▸ DATA EXCERPTS:
------------------------
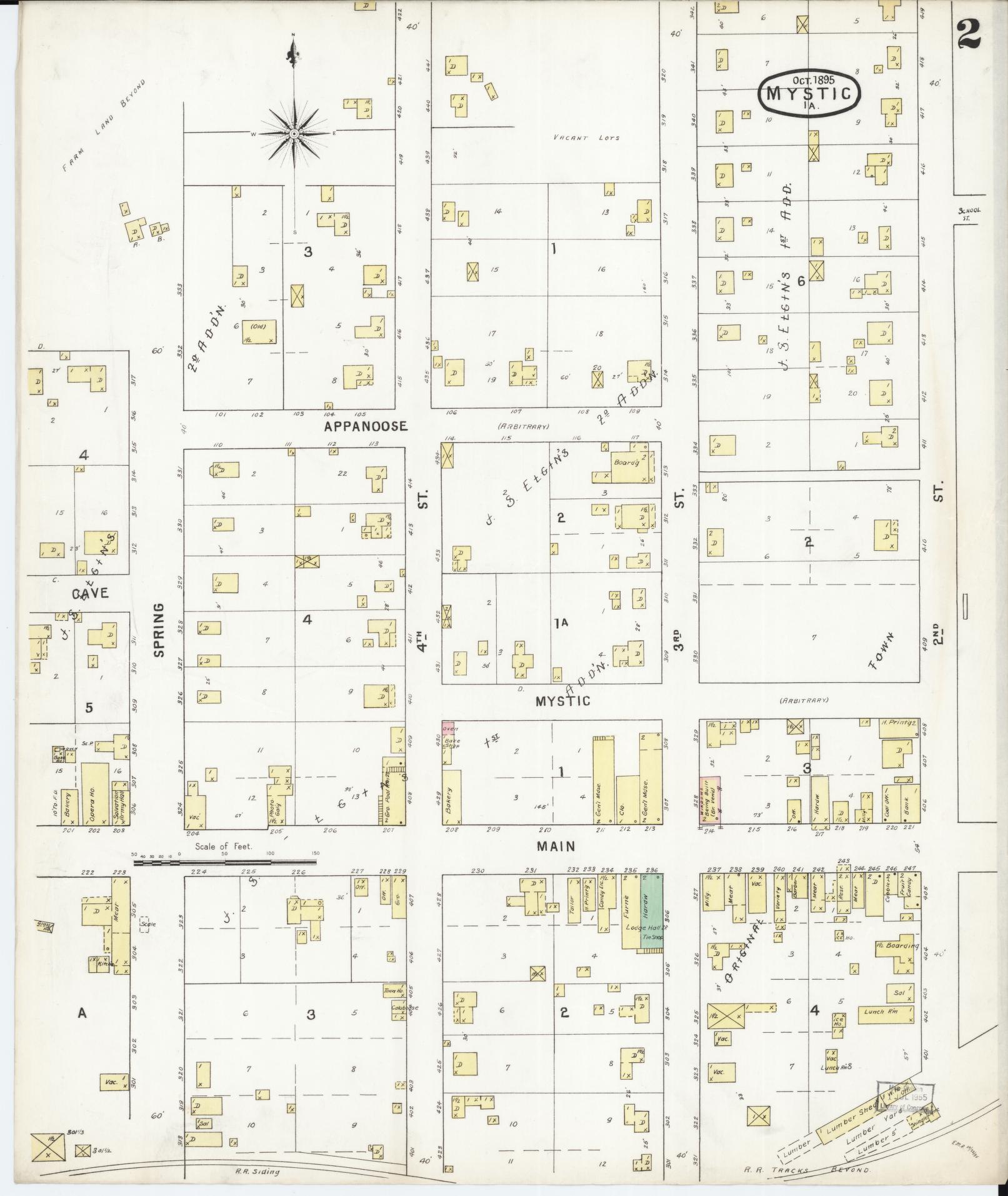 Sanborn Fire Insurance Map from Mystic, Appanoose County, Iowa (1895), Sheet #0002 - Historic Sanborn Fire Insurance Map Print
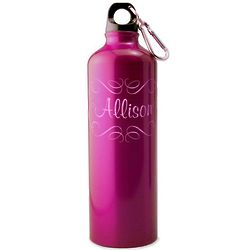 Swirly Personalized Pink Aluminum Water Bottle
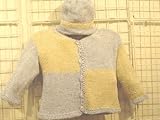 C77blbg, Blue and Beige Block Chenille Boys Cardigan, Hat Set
------------------------
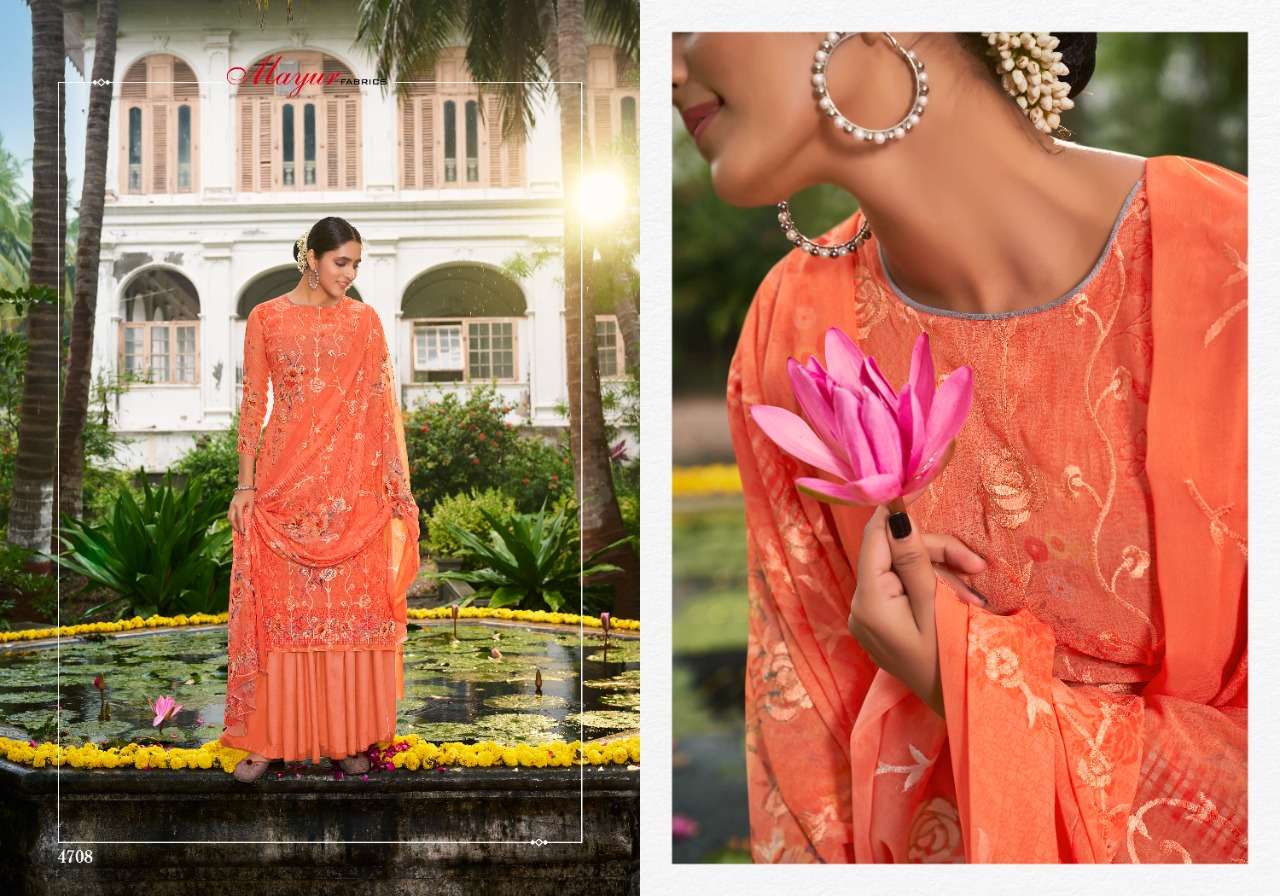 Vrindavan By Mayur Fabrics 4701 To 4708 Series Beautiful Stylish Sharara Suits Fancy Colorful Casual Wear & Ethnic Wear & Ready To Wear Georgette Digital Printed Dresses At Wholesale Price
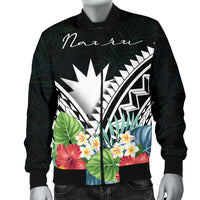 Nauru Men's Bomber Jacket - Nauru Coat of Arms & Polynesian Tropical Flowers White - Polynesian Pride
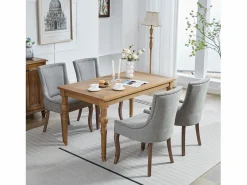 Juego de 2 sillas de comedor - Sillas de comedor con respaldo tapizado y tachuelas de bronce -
------------------------
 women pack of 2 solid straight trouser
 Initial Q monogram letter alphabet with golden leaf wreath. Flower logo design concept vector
------------------------
▸ WORK TO COMPLETE:
All lines above from the one holding "women pack of 2 solid straight trouser" to the one holding "Initial Q monogram", inclusive, are to be copied exactly; no other line is wanted.

▸ EXERCISE ANSWER:
 women pack of 2 solid straight trouser
 Initial Q monogram letter alphabet with golden leaf wreath. Flower logo design concept vector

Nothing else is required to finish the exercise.